I received my Ph.D. in Media and Communication from Temple University, with concentrations on critical media studies, public memory, disability studies and ethnographic methods. My research interests include technology and love; digital and media literacy; history in popular culture; tourism and historic asylums; ethnographic audience research; and self help culture. My research has been published in Journal of Multimodal Rhetorics, The Pennsylvania Communication Annual, Participations: Journal of Audience and Reception Studies, Disability Studies Quarterly, and BMC Public Health.

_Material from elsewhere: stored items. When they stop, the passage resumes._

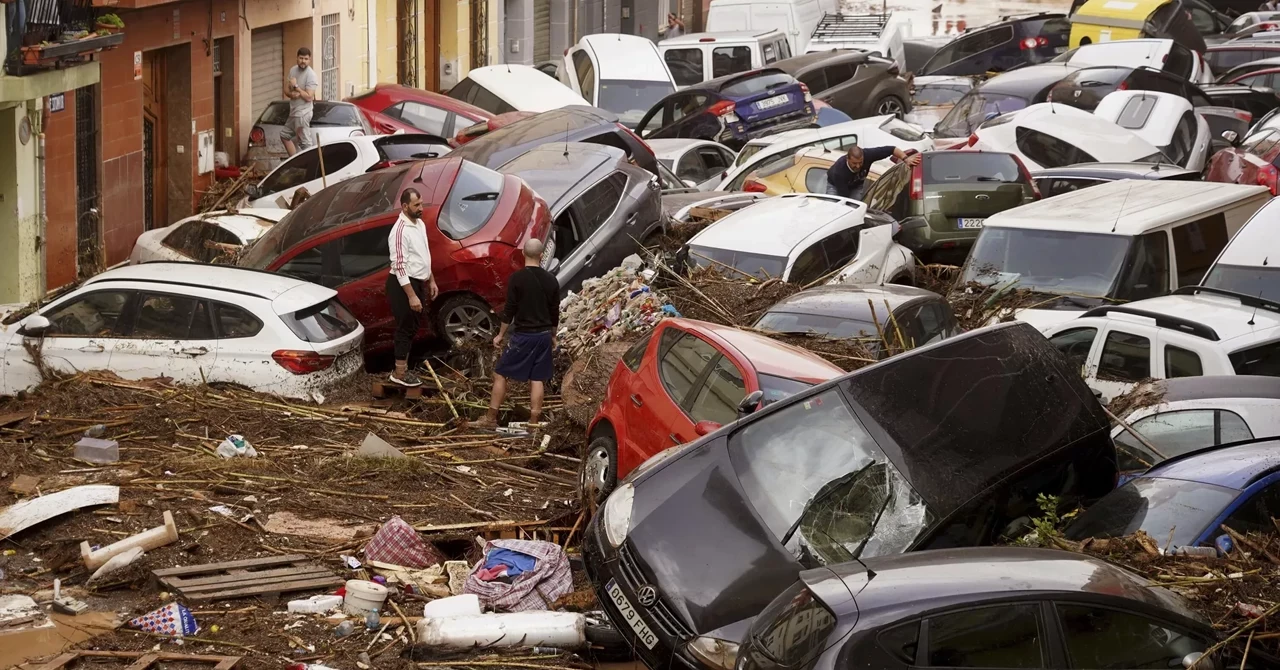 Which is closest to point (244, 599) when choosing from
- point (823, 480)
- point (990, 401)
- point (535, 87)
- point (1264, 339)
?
point (823, 480)

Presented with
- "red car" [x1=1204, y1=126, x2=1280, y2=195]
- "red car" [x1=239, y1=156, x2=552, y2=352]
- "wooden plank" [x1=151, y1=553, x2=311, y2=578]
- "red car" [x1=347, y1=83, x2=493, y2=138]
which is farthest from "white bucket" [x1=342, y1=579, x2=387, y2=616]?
"red car" [x1=347, y1=83, x2=493, y2=138]

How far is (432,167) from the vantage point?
1430cm

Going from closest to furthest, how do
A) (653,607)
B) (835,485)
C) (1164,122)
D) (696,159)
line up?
1. (653,607)
2. (835,485)
3. (1164,122)
4. (696,159)

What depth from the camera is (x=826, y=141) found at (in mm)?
21375

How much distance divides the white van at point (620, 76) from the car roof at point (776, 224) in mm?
11492

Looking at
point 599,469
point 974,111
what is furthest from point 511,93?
point 599,469

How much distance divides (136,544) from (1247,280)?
31.4ft

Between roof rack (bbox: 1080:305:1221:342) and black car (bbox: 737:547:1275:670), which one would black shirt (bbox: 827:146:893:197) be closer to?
roof rack (bbox: 1080:305:1221:342)

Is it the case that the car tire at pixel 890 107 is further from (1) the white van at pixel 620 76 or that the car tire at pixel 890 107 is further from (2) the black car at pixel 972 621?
(2) the black car at pixel 972 621

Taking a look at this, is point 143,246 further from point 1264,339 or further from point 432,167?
point 1264,339

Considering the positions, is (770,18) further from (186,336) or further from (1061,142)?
(186,336)

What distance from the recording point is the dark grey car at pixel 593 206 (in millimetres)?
14914

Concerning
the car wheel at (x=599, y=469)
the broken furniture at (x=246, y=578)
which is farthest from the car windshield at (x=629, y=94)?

My current research is a community media project engaging audiences around stories of living with disability during the pandemic. “Witnessing the Impact of COVID-19 in Disabled People’s Lives” was funded by the Waterhouse Family Institute for the Study of Communication and Society and made possible through a collaboration with the Institute on Disabilities at Temple. Together with 10 community partners, we collected 16 in-depth interviews and produced an eight article newspaper series with three different media outlets in the Greater Philadelphia Area. You can hear interviews, read transcripts, and see press at the project website: https://disabilityandcovidproject.org/.
In 2016, I joined the faculty at Immaculata University as an Assistant Professor in the Department of Arts, Languages, and Letters and later served as the Director of Sponsored Research.
Previously, I co-led the Multimedia Research Project in Engaged Scholarship at Rutgers University’s Doctorate in Social Work Program.